İlk kitap söyleşilerimizin bu haftaki konuğu Nota Bene Yayınları’ndan çıkan “İyi, Kötü ve Arkadaşları” isimli kitabıyla Defne Sarıöz.
“Çok dahiyane bir şey olmadıkça okuru/izleyiciyi şaşırtma çabasını amatörce buluyorum.”
Kendinizi kısaca tanıtabilir misiniz? Kitaplar hayatınıza nasıl girdi, “okur” olmaktan “yazar” olmaya giden yol nasıl başladı ve ilerledi?

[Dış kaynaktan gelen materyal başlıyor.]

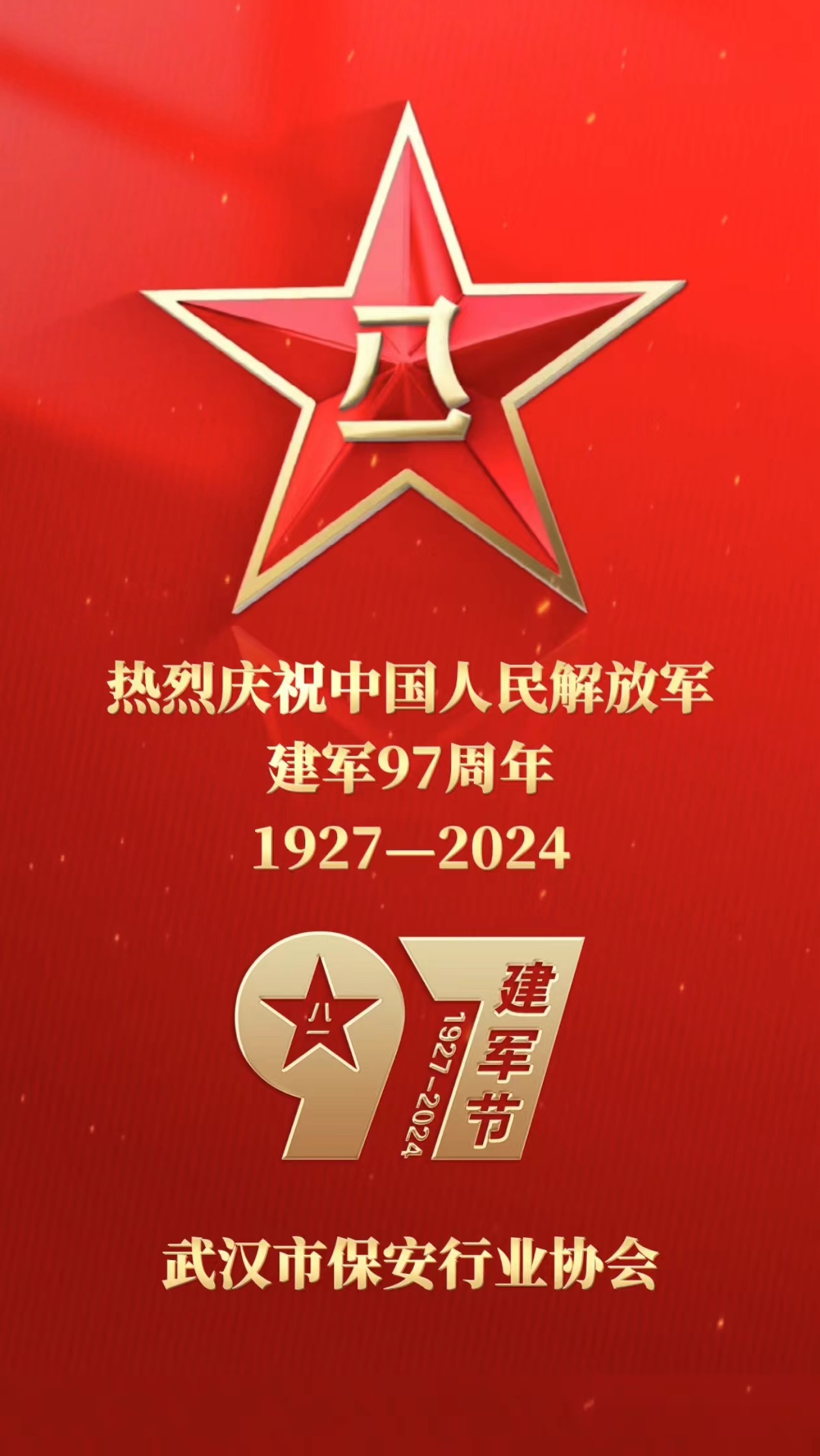 热烈庆祝中国人民解放军建军97周年.jpg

Merhaba. Video işleriyle uğraşıyorum, yani bir şekilde para kazandığım alan o, ama yazmayı da seviyorum. Söyleşi, mini-araştırmalar ya da çeviri düzeyinde oluyor bu. Yazmaya 10’lu yaşlarımın başında rüyalarımı yazarak başlamıştım. Bunları biraz da değiştirerek yazarken eğleniyordum. Üniversitede fanzinde yayınlanması ümidiyle ilk defa bir öykü yazmıştım, fanzin çıkmadı, ama yazdığım bir şeyin basılması hayali beni kurmaca bir şeyler yazmaya teşvik etti. Onların çoğu çöp oldu ama süreç benim için olumluydu sanırım. Yani o küçük öykü denemelerinin kurgusal bir şeyler yazabilmemde faydası olmuştur.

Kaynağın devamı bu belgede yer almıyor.